_YOUR OBJECTIVE_.
Only the lines from the one containing "最美的风景六——石龙镇实验小学家长志愿者活动剪影" through the end of the entries should be returned, exactly as they are, with the pictures omitted.

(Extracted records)
[Start of section]
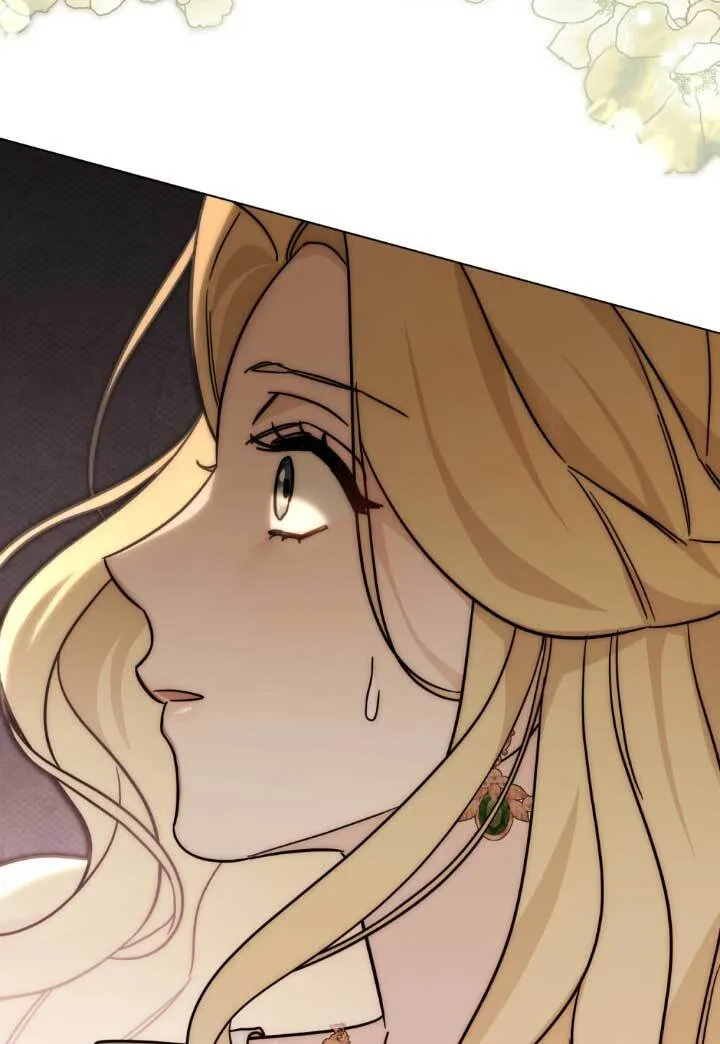 第03话 第86页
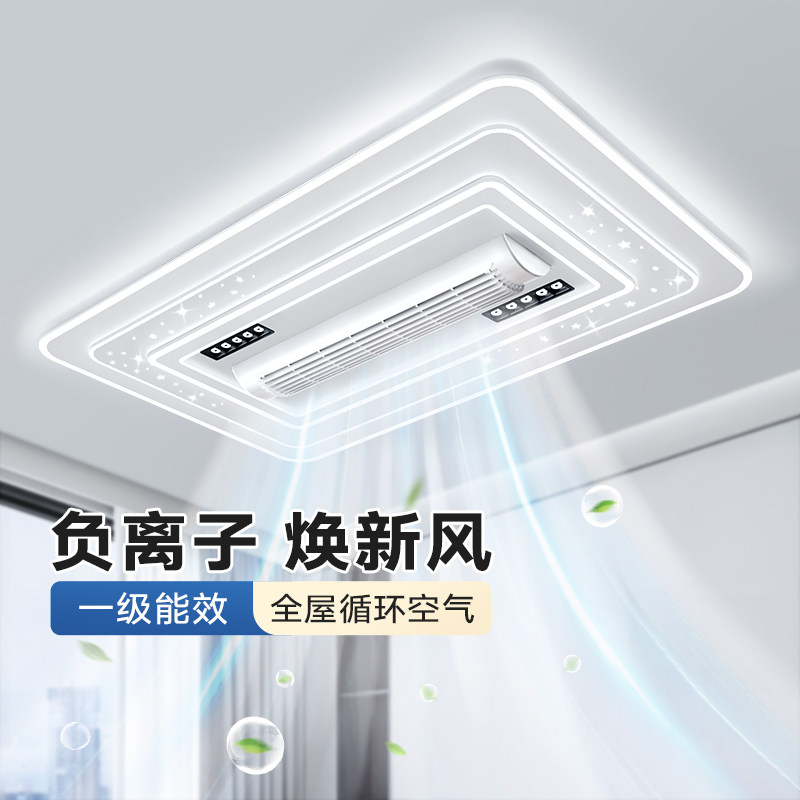 2026新款无叶客厅吊扇灯吸顶吊扇现代简约大气一体全屋中山灯具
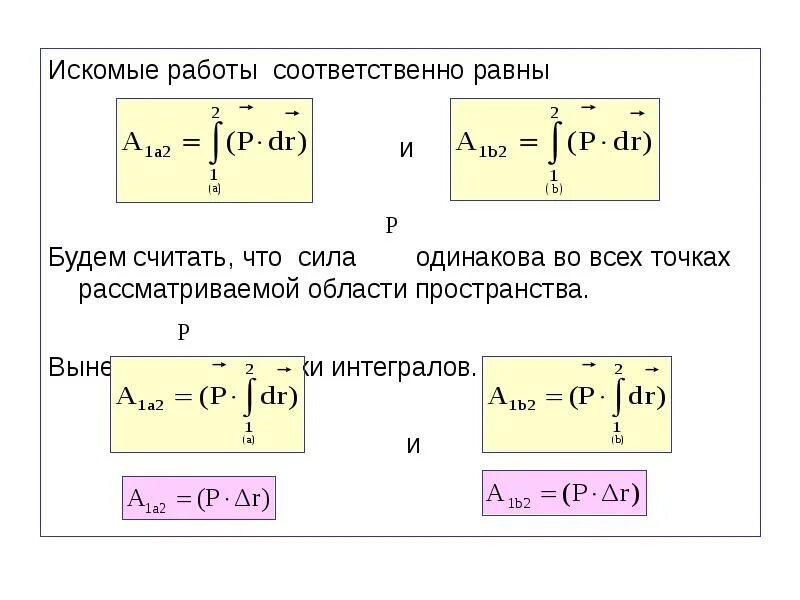 Искомая сумма это. Механическая работа интеграл. Вынесение за знак интеграла. Механическая работа через интеграл. Вынесение константы за знак интеграла.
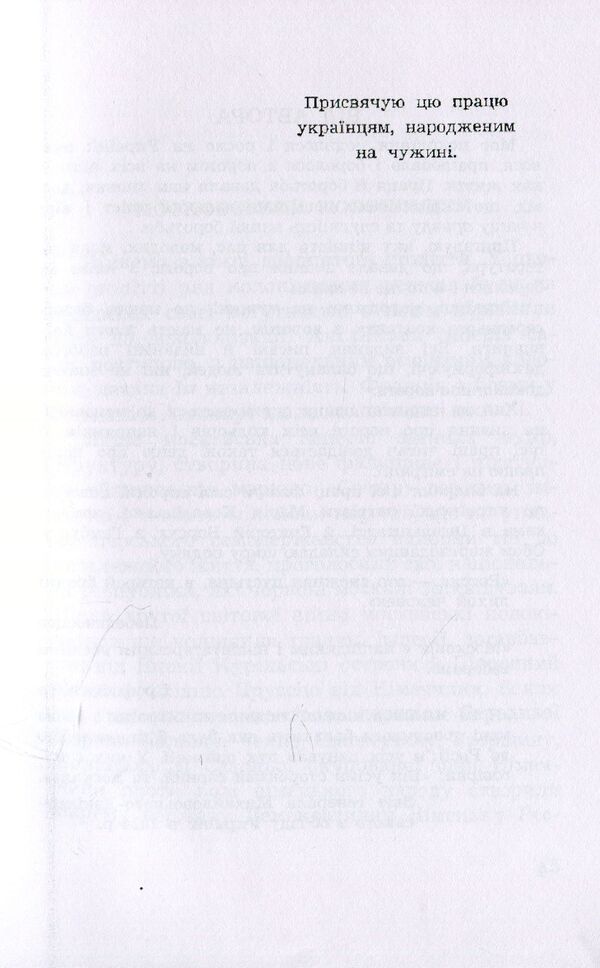 In a protracted struggle / В затяжній боротьбі Степан Мечник 978-611-01-1499-8-5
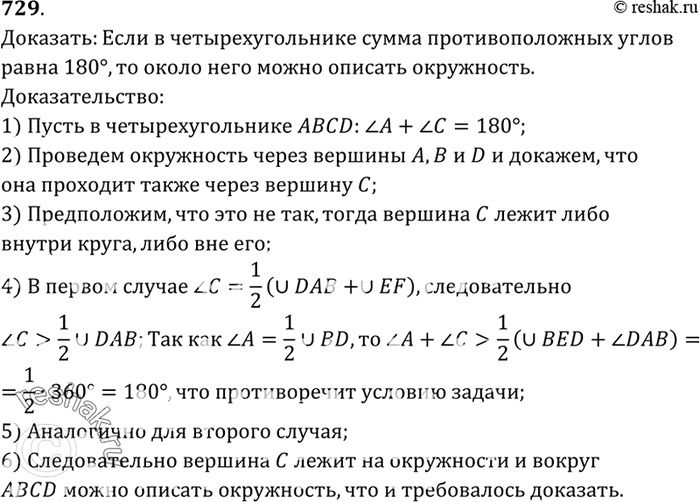 Изображение Докажите, что если в четырёхугольнике сумма противоположных углов равна 180°, то около этого четырёхугольника можно описать...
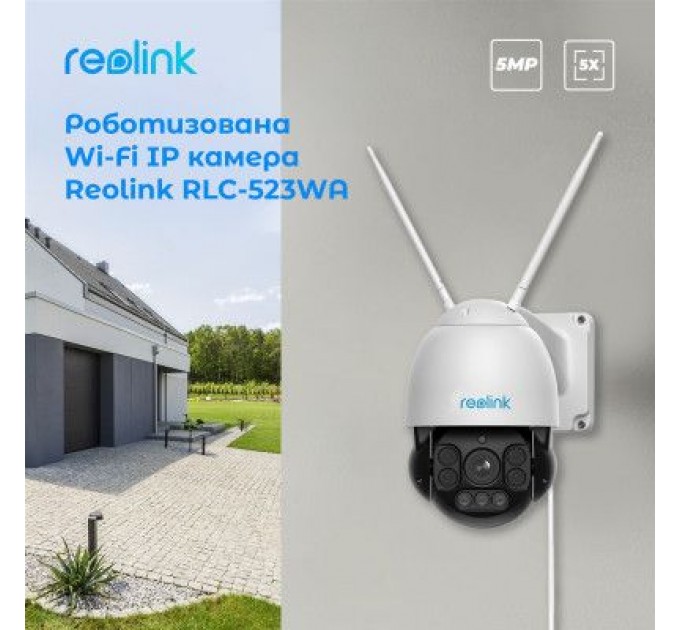Reolink Камера відеоспостереження Reolink RLC-523WA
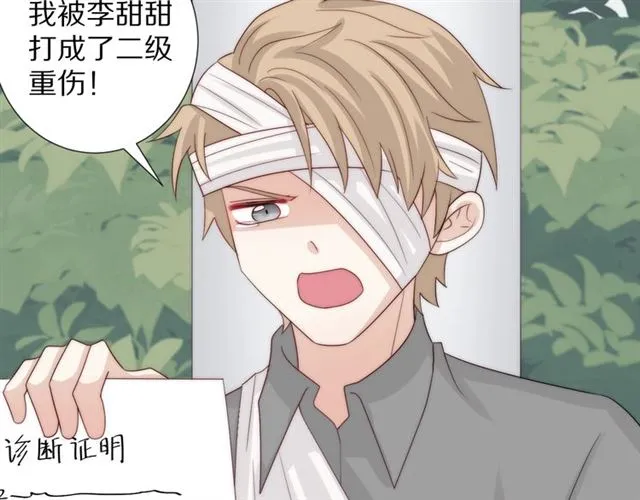 第39话 热搜? 第43页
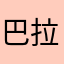 巴拉巴拉变变变@
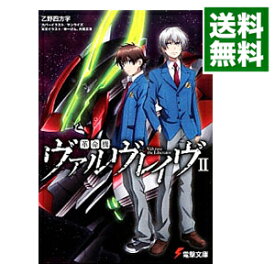 【中古】革命機ヴァルヴレイヴ 2/ 乙野四方字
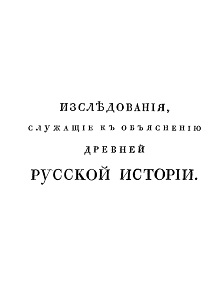 Лерберг Исследования, служащие к объяснению древней русской истории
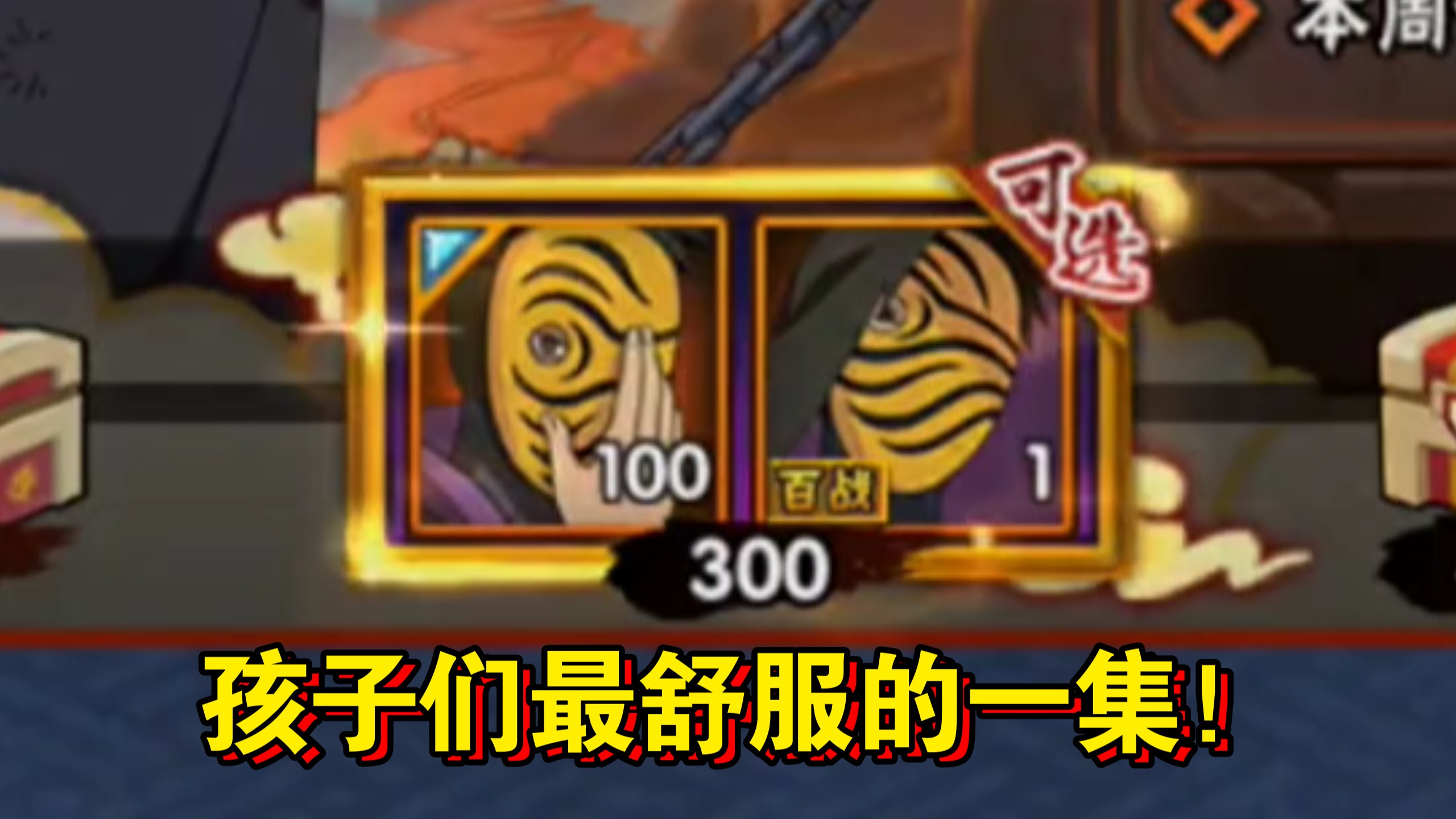 百战虎皮任务今日开启！全服孩子们都笑疯了！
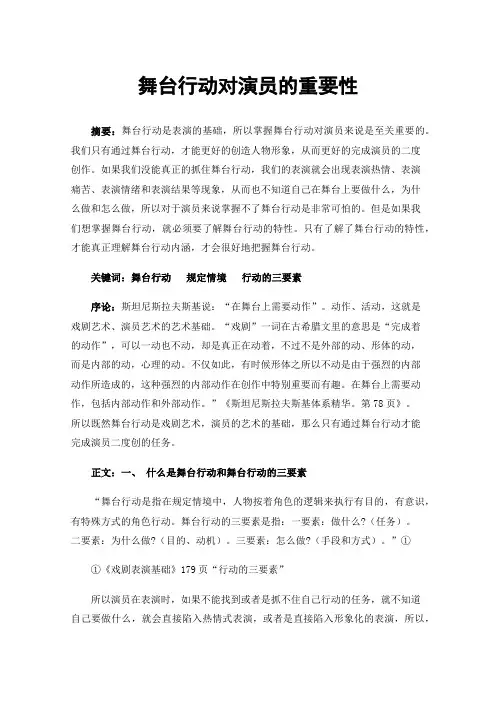 舞台行动对演员的重要性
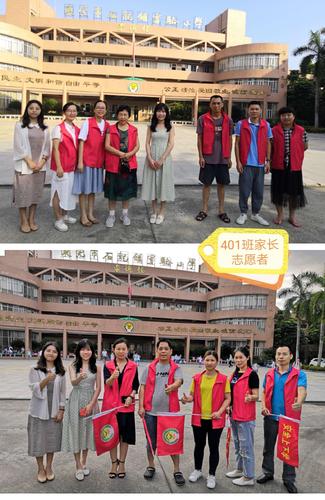 最美的风景六——石龙镇实验小学家长志愿者活动剪影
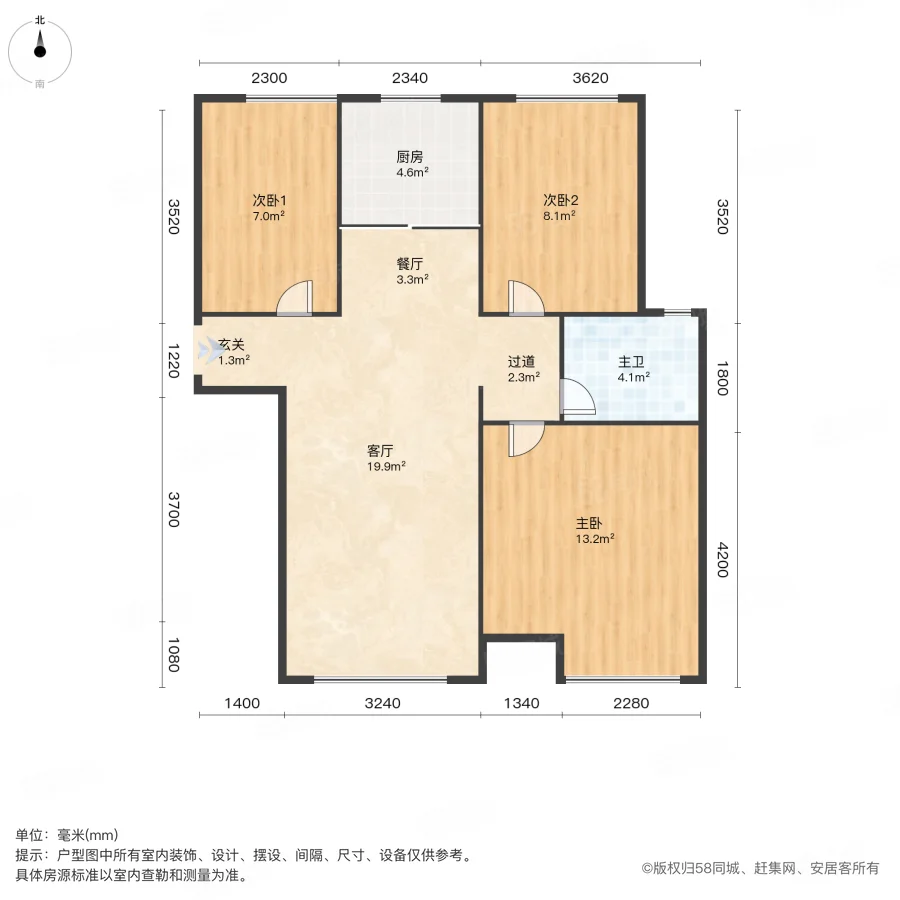 新湖明珠城紫桂苑(东区)3室2厅1卫85.67㎡南178万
[End of section]
_EXERCISE ANSWER_.
 最美的风景六——石龙镇实验小学家长志愿者活动剪影
 新湖明珠城紫桂苑(东区)3室2厅1卫85.67㎡南178万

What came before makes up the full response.